Directions for this task -
Every line from the one with "Feux avant à" through the end of the entries below should be written out exactly; the pictures should not.

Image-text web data
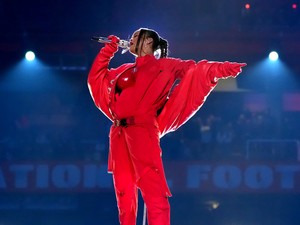 Mennyi pénzt kapnak a Super Bowl sztárfellépői, és Rihanna miért nem kapott semmit?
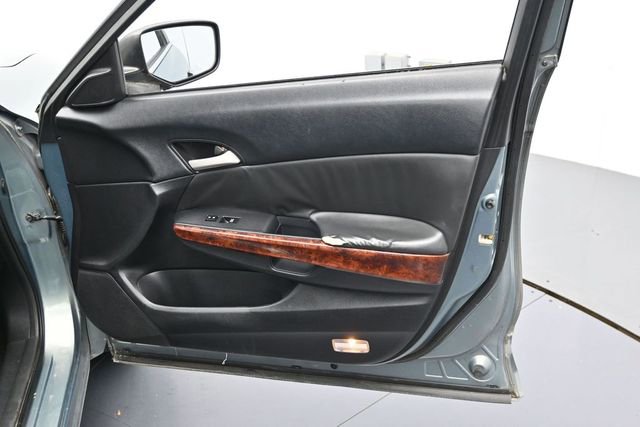 Used 2010 Honda Crosstour EX image 28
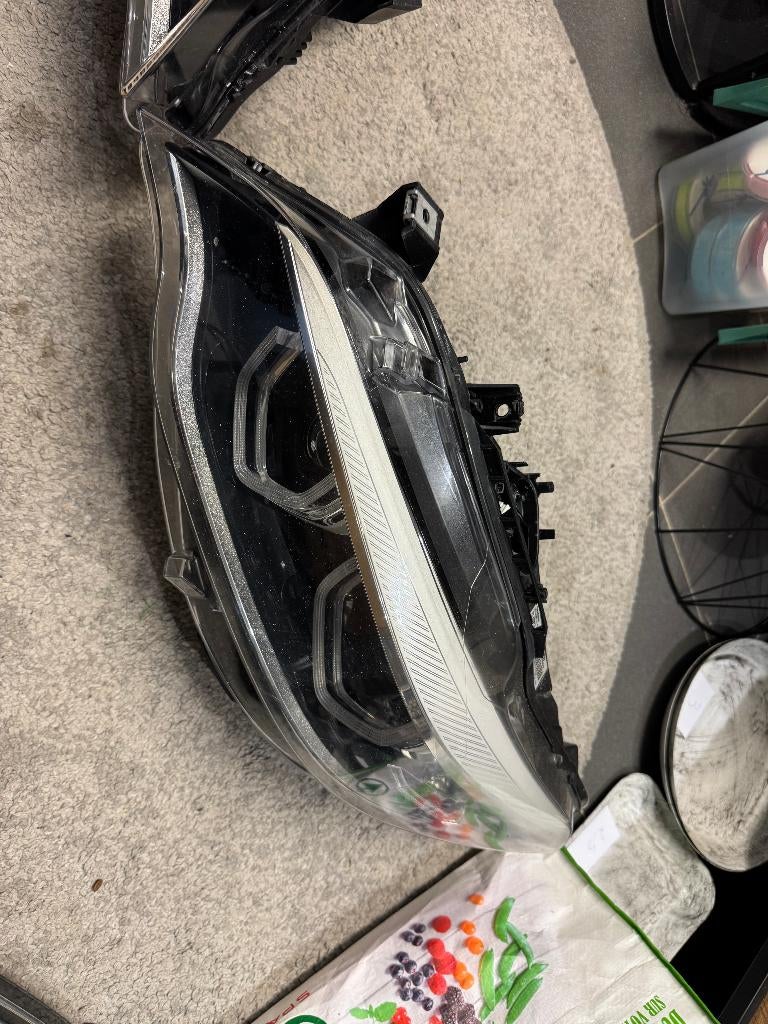 Feux avant à LED adaptatifs BMW F23, Enlèvement, Utilisé, BMW
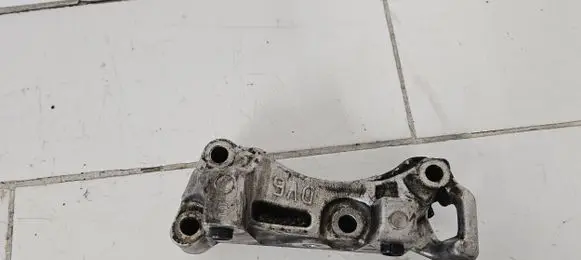 Citroen C4 I Picasso Engine mounting bracket 9688615780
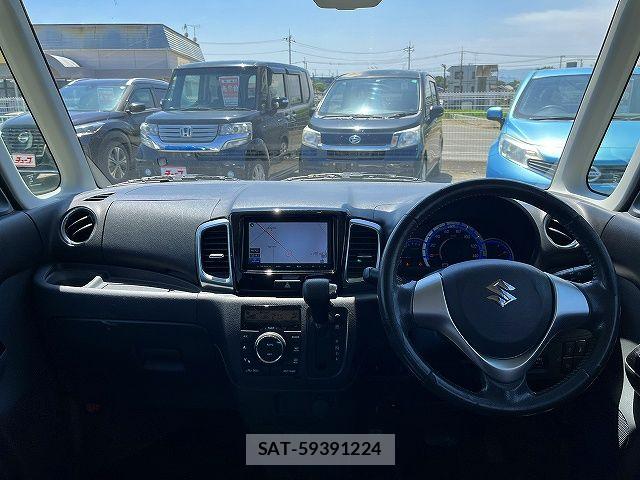 Suzuki SPACIA 2015-03 7225374-1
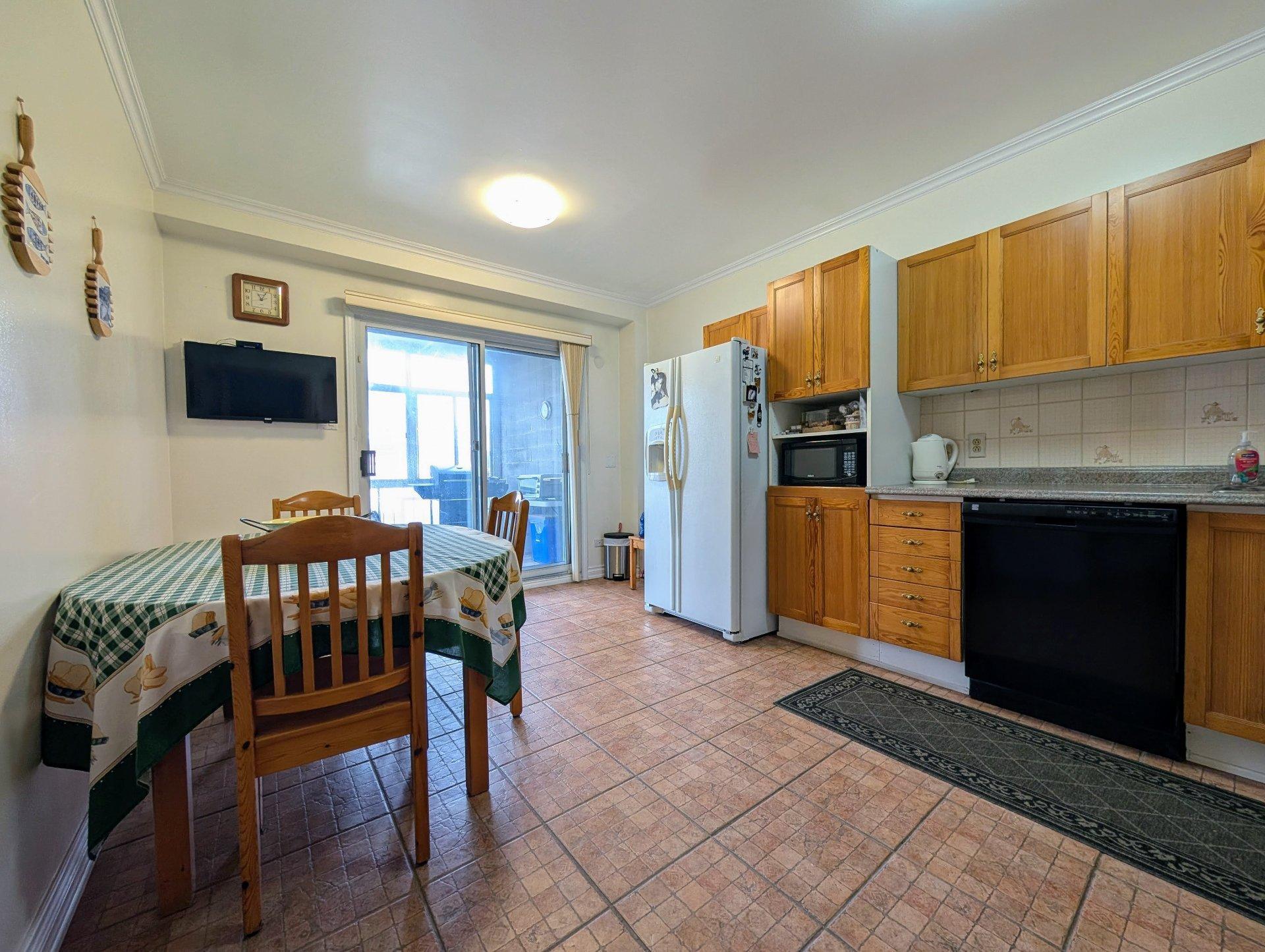 









1331

 - 1333


Rue Couvrette

,
Montréal (Saint-Laurent),




QC
H4L4T4

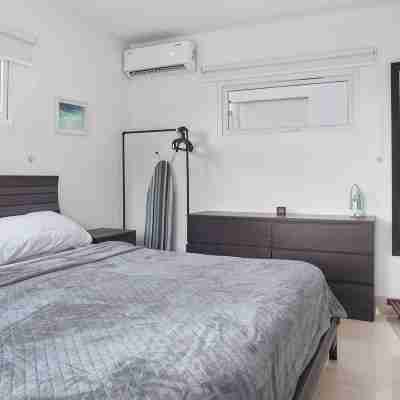 Large, Modern apartment with pool in exclusive Malmok/Arashi area, near beach. Rooms
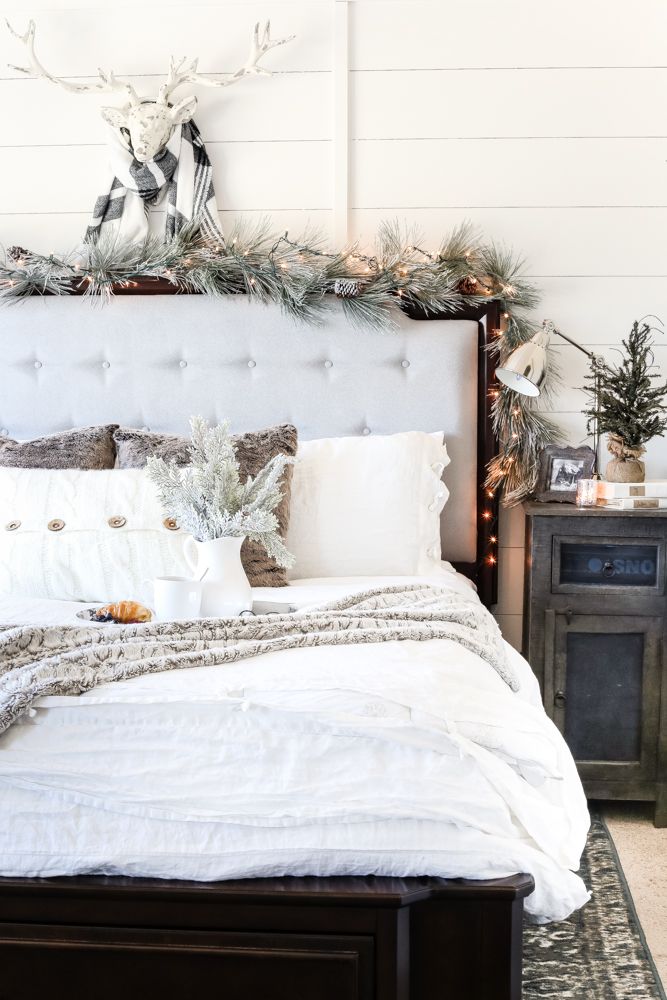 simple-Guest-Room..-4 50+ Guest Room Christmas Decorations to Make Before Christmas Arriving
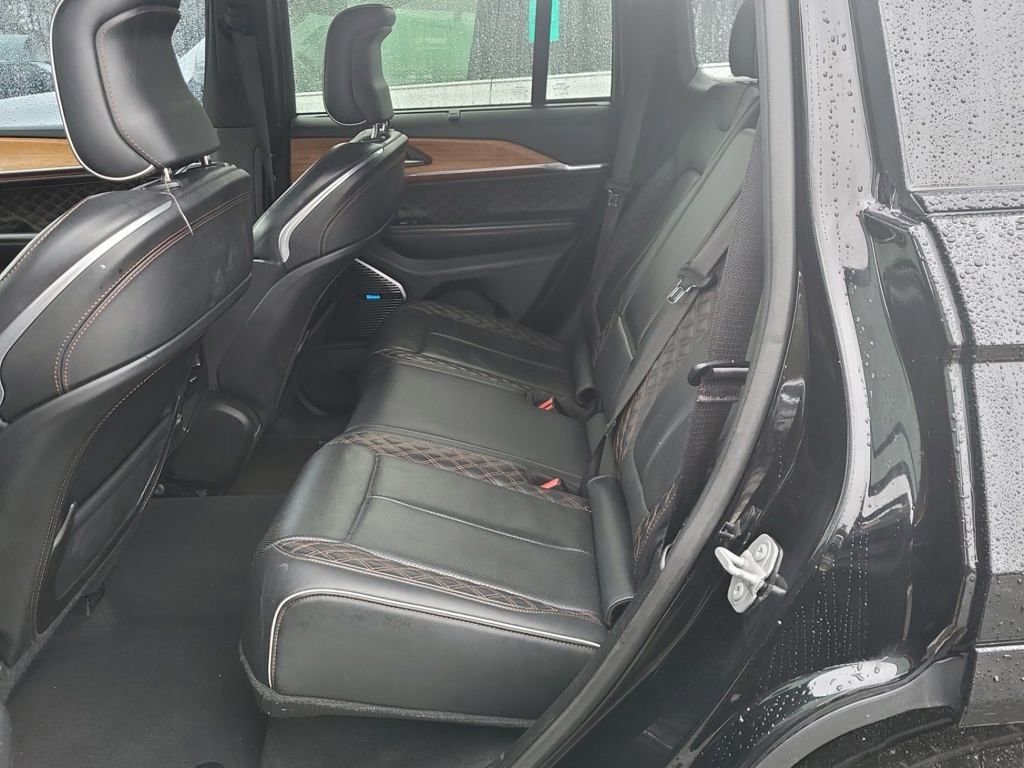 Used 2022 Jeep Grand Cherokee Summit image 8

Result -
 Feux avant à LED adaptatifs BMW F23, Enlèvement, Utilisé, BMW
 Citroen C4 I Picasso Engine mounting bracket 9688615780
 Suzuki SPACIA 2015-03 7225374-1









1331

 - 1333


Rue Couvrette

,
Montréal (Saint-Laurent),




QC
H4L4T4

 Large, Modern apartment with pool in exclusive Malmok/Arashi area, near beach. Rooms
 simple-Guest-Room..-4 50+ Guest Room Christmas Decorations to Make Before Christmas Arriving
 Used 2022 Jeep Grand Cherokee Summit image 8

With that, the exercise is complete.